New regulations on temporary layoffs have been introduced by the Norwegian Government at the request of the social partners. The new legislation extends the maximum duration of temporary layoffs, aiming to avoid unnecessary direct layoffs in a time of rising unemployment.

The economic slow-down caused by the fall in crude oil prices and the subsequent wave of layoffs in the Norwegian petroleum sector has led to rising unemployment, a source of concern for both the social partners and the government. During the renegotiation of the trend-setting collective agreement for manufacturing industries, the involved social partners Fellesforbundet (affiliated with the Norwegian Confederation of Trade Unions, LO) and the Federation of Norwegian Industries (affiliated with The Confederation of Norwegian Enterprise, NHO), sent a joint letter to the Norwegian Prime Minister, Erna Solberg, asking for changes in regulations on temporary layoffs.

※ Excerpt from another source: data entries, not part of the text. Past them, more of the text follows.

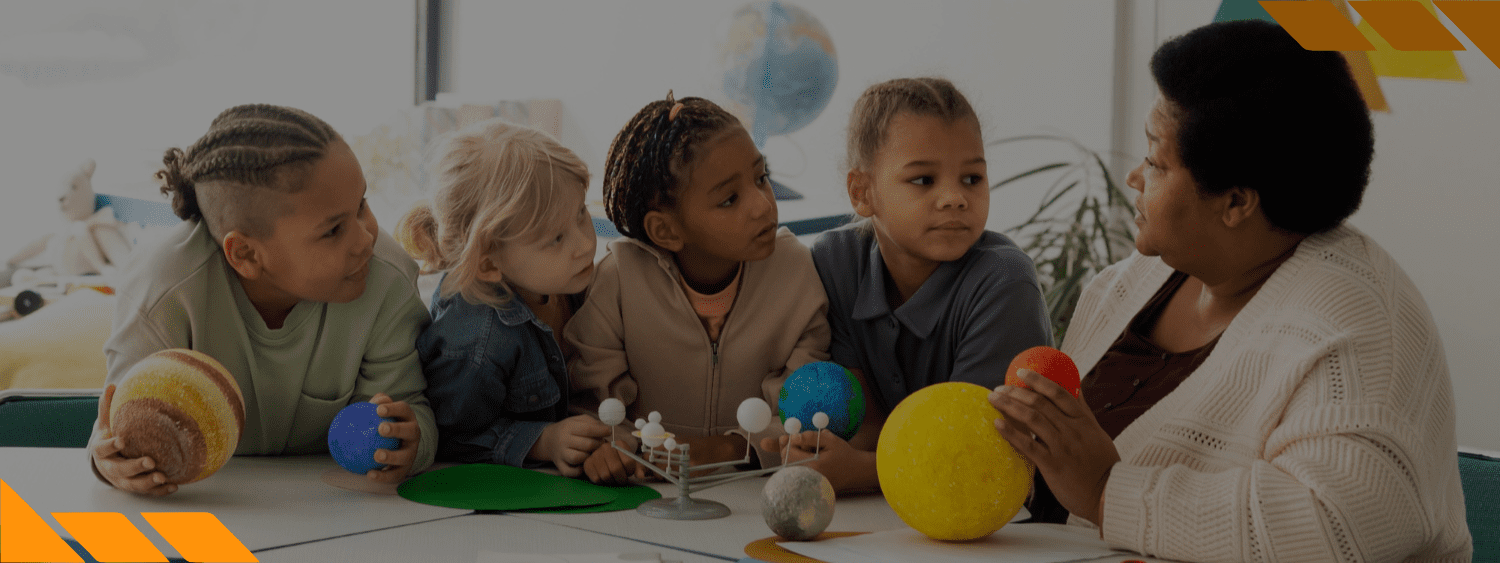 Atendimento Socioeducativo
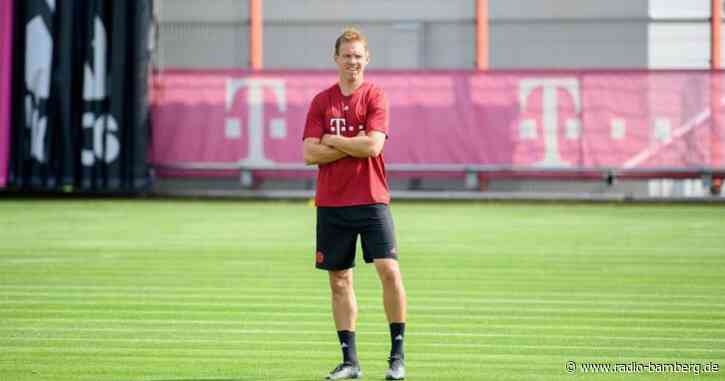 Nagelsmann: FC Barcelona strahlt auch ohne Messi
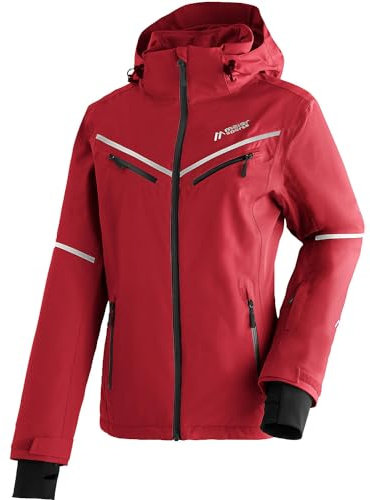 Maier Sports dam Lunada skidjacka
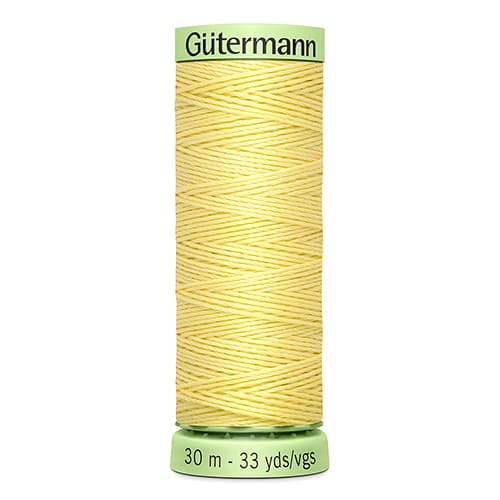 Нитки Gütermann Top Stitch №30 30м цвет 578 undefined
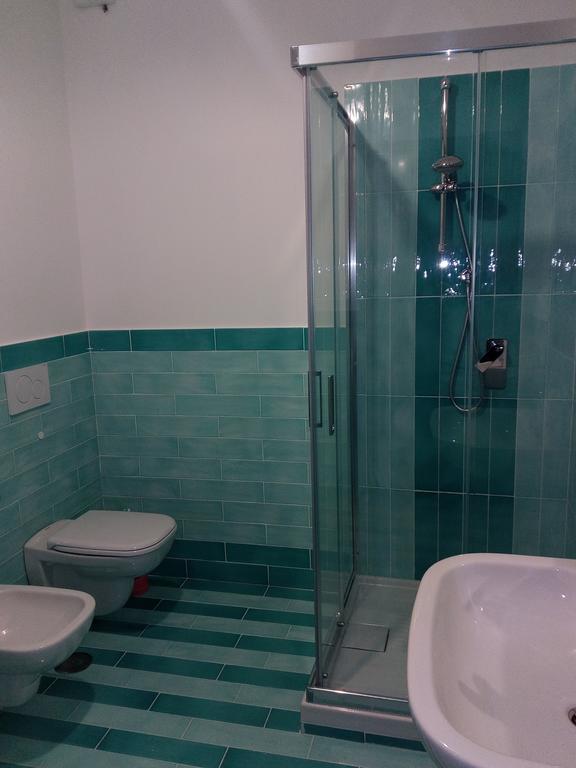 Mira Amalfi Apartment Agerola Ngoại thất bức ảnh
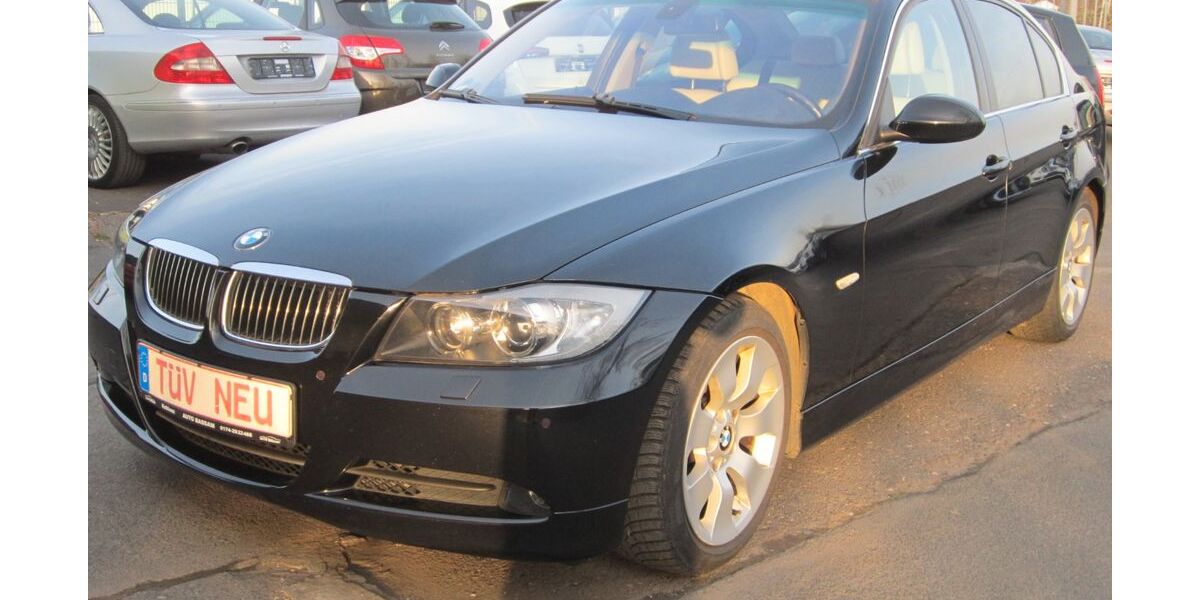 BMW 325 188.000 km 5.999 &euro; Koblenz 56070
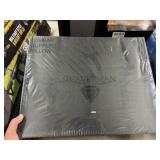 BOWERMAN LUMBAR SUPPORT CUSHION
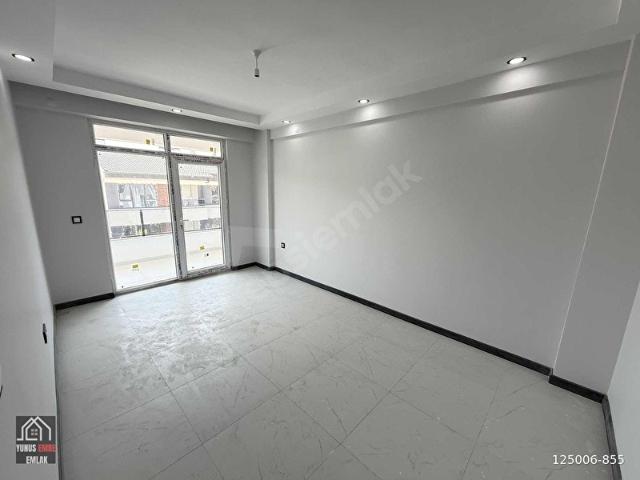 EMEK MAH. YERDEN ISITMALI SIFIR KİRALIK 2+0 DAİRE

In a bid to counter rising unemployment, and to contribute to an agreement between the social partners in the initial and trend-setting bargaining round, the government adhered to the wish of the social partners and recommended new legislation. The bill, passed by the Norwegian Parliament in May, extends the maximum period for temporary layoffs from 30 weeks to 52 weeks. According to the new regulations, in force from 1 July, temporary laid-off employees will initially receive regular pay from the company for 10 days, then 30 weeks of unemployment benefit followed by 5 days of regular pay, and finally 19 weeks of unemployment benefit.

The Minister for Labour and Social Affairs, Anniken Hauglie, underlined that the government places importance on the tripartite cooperation and that it was key for the government to be able to facilitate an agreement between the social partners. This was achieved partly by the new legislation on temporary layoffs, and partly by taking the highly-contested issue of occupational pensions out of this year’s negotiations by offering to undertake a public inquiry on pensions, building on an agreement between Fellesforbundet and the Federation of Norwegian Industries.